§ About this exercise:
Would you please repeat exactly the lines from the one containing "4 Bobado Lane, Henderson, NV" to the end of the records, both included, and leave out the rest?

▬▬▬▬▬▬

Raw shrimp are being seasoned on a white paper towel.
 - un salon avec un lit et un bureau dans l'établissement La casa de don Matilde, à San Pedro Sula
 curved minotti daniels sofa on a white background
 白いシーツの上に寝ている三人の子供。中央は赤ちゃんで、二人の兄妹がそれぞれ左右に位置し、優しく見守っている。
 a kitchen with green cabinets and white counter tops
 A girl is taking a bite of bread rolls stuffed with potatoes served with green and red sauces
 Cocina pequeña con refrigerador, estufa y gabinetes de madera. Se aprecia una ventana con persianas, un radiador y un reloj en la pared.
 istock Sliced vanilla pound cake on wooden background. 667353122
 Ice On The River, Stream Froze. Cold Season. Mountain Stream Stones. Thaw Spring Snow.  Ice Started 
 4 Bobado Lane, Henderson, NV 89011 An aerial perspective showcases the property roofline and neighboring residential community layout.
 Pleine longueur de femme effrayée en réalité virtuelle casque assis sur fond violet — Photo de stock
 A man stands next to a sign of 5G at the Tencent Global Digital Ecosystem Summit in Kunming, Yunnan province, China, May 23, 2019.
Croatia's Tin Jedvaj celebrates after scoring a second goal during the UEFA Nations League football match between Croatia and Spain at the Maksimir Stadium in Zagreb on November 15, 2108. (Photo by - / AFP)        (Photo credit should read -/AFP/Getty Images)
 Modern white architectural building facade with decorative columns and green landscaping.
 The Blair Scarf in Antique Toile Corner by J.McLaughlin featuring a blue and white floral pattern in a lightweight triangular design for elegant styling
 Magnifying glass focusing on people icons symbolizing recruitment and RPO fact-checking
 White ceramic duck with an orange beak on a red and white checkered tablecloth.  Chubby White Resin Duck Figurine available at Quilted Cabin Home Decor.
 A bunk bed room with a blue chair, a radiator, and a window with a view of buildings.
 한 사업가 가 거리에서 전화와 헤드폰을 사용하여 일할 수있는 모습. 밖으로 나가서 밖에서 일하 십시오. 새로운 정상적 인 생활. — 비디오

▬▬▬▬▬▬

§ Output of the task:
 4 Bobado Lane, Henderson, NV 89011 An aerial perspective showcases the property roofline and neighboring residential community layout.
 Pleine longueur de femme effrayée en réalité virtuelle casque assis sur fond violet — Photo de stock
 A man stands next to a sign of 5G at the Tencent Global Digital Ecosystem Summit in Kunming, Yunnan province, China, May 23, 2019.
Croatia's Tin Jedvaj celebrates after scoring a second goal during the UEFA Nations League football match between Croatia and Spain at the Maksimir Stadium in Zagreb on November 15, 2108. (Photo by - / AFP)        (Photo credit should read -/AFP/Getty Images)
 Modern white architectural building facade with decorative columns and green landscaping.
 The Blair Scarf in Antique Toile Corner by J.McLaughlin featuring a blue and white floral pattern in a lightweight triangular design for elegant styling
 Magnifying glass focusing on people icons symbolizing recruitment and RPO fact-checking
 White ceramic duck with an orange beak on a red and white checkered tablecloth.  Chubby White Resin Duck Figurine available at Quilted Cabin Home Decor.
 A bunk bed room with a blue chair, a radiator, and a window with a view of buildings.
 한 사업가 가 거리에서 전화와 헤드폰을 사용하여 일할 수있는 모습. 밖으로 나가서 밖에서 일하 십시오. 새로운 정상적 인 생활. — 비디오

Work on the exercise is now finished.